Una sua caratteristica era tipica delle persone di grande personalità: sapeva scatenare opinioni e sentimenti esplosivi, talvolta contrastanti ma sempre stimolanti e costruttivi. Se n'è andato mercoledì scorso Davide Spagnoli, collaboratore dalla prima ora de Laprimalinea.it e se n'è andato troppo presto, a soli 66 anni e con tante, tante cose ancora da dire e da fare. Era a casa quando il cuore ha detto "stop, basta portar pesi" e lui ha chiuso gli occhi serenamente e improvvisamente, mentre l'amata moglie era a far la spesa. Una morte semplice per un uomo ricco di bellissime complessità.

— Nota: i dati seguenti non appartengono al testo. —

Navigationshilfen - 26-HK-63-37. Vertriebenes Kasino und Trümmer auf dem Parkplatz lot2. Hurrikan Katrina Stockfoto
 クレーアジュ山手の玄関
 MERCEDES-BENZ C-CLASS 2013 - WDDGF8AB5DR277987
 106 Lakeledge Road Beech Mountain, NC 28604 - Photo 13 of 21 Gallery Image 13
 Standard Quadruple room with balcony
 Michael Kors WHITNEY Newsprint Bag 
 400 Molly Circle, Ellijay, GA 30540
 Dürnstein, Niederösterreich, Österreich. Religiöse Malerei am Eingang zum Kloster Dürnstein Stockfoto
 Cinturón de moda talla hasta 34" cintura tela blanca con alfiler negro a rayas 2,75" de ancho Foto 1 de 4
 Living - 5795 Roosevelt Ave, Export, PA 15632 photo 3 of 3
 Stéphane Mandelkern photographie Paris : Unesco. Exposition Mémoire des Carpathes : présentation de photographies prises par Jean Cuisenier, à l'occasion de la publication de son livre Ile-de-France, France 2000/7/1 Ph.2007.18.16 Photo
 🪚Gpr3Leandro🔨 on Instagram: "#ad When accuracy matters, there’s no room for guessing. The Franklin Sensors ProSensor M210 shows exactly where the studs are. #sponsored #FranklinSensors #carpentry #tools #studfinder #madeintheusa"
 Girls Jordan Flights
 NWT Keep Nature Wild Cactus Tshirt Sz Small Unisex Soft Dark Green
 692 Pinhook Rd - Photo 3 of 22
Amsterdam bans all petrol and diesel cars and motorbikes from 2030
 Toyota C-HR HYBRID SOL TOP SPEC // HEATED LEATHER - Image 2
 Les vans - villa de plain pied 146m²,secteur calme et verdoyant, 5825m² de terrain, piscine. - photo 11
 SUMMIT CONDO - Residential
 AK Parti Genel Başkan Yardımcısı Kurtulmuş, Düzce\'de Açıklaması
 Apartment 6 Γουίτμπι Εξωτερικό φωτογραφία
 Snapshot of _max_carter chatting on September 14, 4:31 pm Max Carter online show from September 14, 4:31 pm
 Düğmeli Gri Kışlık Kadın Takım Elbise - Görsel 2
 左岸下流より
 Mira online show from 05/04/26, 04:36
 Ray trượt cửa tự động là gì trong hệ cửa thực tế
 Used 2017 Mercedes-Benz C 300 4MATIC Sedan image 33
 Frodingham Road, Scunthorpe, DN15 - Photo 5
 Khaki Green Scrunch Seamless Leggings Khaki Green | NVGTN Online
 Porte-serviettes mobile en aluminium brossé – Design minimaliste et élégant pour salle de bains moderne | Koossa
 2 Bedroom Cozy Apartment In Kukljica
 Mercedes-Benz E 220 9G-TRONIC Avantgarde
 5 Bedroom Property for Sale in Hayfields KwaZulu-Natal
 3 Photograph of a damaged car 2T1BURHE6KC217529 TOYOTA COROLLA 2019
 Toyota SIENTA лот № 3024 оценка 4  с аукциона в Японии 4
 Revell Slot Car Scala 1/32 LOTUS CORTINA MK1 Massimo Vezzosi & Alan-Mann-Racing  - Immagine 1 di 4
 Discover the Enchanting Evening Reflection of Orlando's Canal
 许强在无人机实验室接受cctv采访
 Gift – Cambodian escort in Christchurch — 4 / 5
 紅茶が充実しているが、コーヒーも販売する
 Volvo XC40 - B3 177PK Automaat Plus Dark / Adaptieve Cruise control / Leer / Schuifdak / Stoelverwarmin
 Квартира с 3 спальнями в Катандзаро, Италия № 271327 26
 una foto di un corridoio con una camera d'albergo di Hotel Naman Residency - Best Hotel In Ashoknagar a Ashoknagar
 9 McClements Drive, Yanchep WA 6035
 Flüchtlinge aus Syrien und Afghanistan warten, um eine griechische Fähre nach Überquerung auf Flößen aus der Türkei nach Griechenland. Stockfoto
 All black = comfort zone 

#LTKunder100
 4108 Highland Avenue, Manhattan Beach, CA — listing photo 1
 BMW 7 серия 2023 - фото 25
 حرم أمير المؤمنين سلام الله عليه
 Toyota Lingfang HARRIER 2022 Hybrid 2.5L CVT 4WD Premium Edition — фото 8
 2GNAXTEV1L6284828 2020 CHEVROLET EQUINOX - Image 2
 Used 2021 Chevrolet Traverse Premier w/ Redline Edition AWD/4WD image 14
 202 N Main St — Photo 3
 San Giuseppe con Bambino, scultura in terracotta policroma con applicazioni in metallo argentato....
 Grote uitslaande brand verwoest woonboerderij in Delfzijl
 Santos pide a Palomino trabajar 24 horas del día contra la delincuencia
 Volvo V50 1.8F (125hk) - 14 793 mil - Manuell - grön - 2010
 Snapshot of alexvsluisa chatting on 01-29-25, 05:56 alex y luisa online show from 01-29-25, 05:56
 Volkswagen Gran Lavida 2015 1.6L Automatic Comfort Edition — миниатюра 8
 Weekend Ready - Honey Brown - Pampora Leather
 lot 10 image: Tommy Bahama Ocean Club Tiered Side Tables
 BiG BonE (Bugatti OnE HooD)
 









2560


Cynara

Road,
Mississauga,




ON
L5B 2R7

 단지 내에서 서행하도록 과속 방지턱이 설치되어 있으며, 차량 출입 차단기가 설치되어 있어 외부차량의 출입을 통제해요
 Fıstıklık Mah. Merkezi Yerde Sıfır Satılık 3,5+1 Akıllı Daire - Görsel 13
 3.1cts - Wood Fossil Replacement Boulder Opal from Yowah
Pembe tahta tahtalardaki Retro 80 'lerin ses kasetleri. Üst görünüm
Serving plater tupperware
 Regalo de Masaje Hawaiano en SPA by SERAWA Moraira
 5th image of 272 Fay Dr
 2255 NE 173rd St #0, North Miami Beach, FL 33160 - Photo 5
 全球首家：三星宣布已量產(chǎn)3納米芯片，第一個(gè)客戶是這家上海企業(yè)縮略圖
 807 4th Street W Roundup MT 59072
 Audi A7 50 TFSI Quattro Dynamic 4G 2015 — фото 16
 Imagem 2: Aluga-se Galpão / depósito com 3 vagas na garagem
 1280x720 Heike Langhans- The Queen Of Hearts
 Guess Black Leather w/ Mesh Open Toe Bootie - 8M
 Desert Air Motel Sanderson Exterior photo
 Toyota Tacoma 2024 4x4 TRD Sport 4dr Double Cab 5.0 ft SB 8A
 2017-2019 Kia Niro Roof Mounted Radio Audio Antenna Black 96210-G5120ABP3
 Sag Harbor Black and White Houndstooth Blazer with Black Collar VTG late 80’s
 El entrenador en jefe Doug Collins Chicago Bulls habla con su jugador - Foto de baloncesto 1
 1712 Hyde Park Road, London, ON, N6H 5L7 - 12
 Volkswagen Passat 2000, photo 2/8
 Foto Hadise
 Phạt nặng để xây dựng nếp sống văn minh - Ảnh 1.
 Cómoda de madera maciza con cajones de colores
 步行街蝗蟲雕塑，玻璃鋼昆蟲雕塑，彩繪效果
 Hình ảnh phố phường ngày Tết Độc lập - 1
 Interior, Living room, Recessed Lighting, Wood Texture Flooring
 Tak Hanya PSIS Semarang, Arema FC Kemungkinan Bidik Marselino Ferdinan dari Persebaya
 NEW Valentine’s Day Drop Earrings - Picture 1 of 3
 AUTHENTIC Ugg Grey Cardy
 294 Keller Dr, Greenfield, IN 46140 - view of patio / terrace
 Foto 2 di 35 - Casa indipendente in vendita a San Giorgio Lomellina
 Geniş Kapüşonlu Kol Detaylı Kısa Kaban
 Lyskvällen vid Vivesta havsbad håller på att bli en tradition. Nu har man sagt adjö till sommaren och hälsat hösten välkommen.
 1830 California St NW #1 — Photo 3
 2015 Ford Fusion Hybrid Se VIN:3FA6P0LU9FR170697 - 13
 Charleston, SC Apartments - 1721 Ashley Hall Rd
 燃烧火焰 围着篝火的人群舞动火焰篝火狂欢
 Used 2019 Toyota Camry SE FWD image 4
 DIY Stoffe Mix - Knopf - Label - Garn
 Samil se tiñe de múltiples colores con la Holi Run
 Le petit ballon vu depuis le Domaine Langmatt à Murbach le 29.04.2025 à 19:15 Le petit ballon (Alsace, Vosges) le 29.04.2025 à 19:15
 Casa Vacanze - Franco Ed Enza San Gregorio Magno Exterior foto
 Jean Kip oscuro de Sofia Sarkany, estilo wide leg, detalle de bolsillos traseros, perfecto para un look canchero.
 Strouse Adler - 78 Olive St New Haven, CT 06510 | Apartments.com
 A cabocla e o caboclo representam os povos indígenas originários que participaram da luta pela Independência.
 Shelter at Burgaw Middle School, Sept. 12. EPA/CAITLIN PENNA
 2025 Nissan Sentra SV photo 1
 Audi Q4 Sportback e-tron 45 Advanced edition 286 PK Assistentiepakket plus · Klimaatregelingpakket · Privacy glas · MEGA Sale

Nato a Forlì, laurea in Scienze Politiche e in Matematica, ha vissuto le barricate e nella nostra redazione, anche se da remoto vista la lontananza, si era trovato subito a suo perfetto agio. Appassionato ricercatore storico, prima di onorarci con la sua presenza Davide Spagnoli ha pubblicato i risultati dei suoi studi su diverse riviste specializzate e non, quali i Quaderni del Centro di Ricerche Storiche di Rovigno (Croazia), Giornale di Storia Contemporanea, Zapruder, Il Calendario del Popolo, L'Impegno. Ha svolto un'intensa attività di traduzione occupandosi principalmente di geopolitica, di matematica e fisica e del rapporto che queste scienze hanno con la politica e l’ideologia.
Grande appassionato e conoscitore di musica, negli anni Settanta e Ottanta aveva contribuito fattivamente allo sviluppo delle radio libere di controinformazione.
E' stato, in quel meccanismo a volte perverso che si definisce mediatizzazione dei fatti, un professionista serio e affidabile, veritiero e sincero. Era un romagnolo e lo sentivi in quella voce calda e rassicurante, sempre gioiosa; nei modi, nelle parole semplici, prive di retorica e scontatezza. Aveva gli occhi e la verve del bell'omone ruspante e 'bon vivant', capace però di trascorrere giornate intere in una biblioteca alla ricerca di un codice, di una data, di una frase storica dimenticata.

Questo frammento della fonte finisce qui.